A translation that "looks right" in preview can still measure meaningfully below the validated baseline — that's the difference this workflow is built to catch.

## The knobs that matter

| Knob                      | What to say                                                                | Why it matters                                                                                              |
| ------------------------- | -------------------------------------------------------------------------- | ----------------------------------------------------------------------------------------------------------- |
| **Exact source file**     | "the composition at `src/HeroReveal.tsx`"                                  | A Remotion project can register several `<Composition>`s — name the one you mean                            |
| **Preserve exact timing** | "keep the same duration, fps, and dimensions"                              | The default; state it anyway so the agent doesn't round or resize                                           |
| **Gap documentation**     | "write `TRANSLATION_NOTES.md` for anything that doesn't translate cleanly" | Approximated fonts, dropped volume ramps, and substituted presentations get recorded, not silently absorbed |
| **Validation**            | "report the SSIM diff against the original"                                | Makes the fidelity check part of the deliverable instead of an optional afterthought                        |

## Common failure modes

**Asking for a fresh build with Remotion as inspiration.** If you don't have an actual Remotion source to translate, this isn't the workflow — it's a normal build.

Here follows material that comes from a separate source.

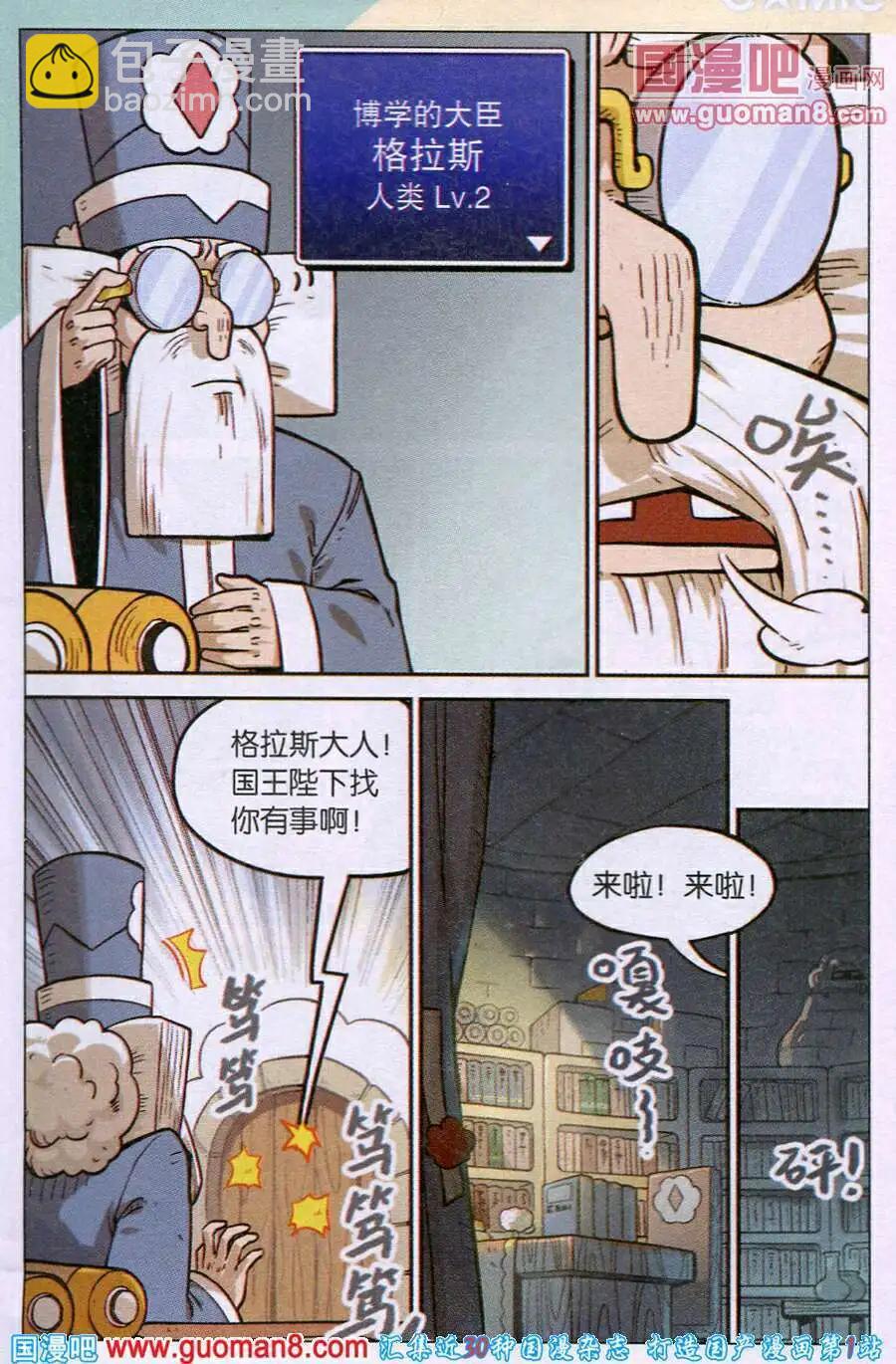 第89话-第97话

* ❌ `/remotion-to-hyperframes make something like my Remotion intro`
* ✅ `/general-video make an intro like this: [description]` — no Remotion source, no migration

**Asking it to push past a lint blocker.** A `useState`-driven composition isn't a "translate it anyway, best effort" situation — it's a different problem (runtime interop), and forcing a translation produces something that looks plausible but isn't frame-accurate.

* ❌ `just convert it, don't worry about the state stuff`
* ✅ let the agent recommend the interop pattern, then decide whether that fits your case

**Skipping validation on a non-trivial port.** A visual-only check misses timing/easing drift that only shows up in a frame-by-frame SSIM diff.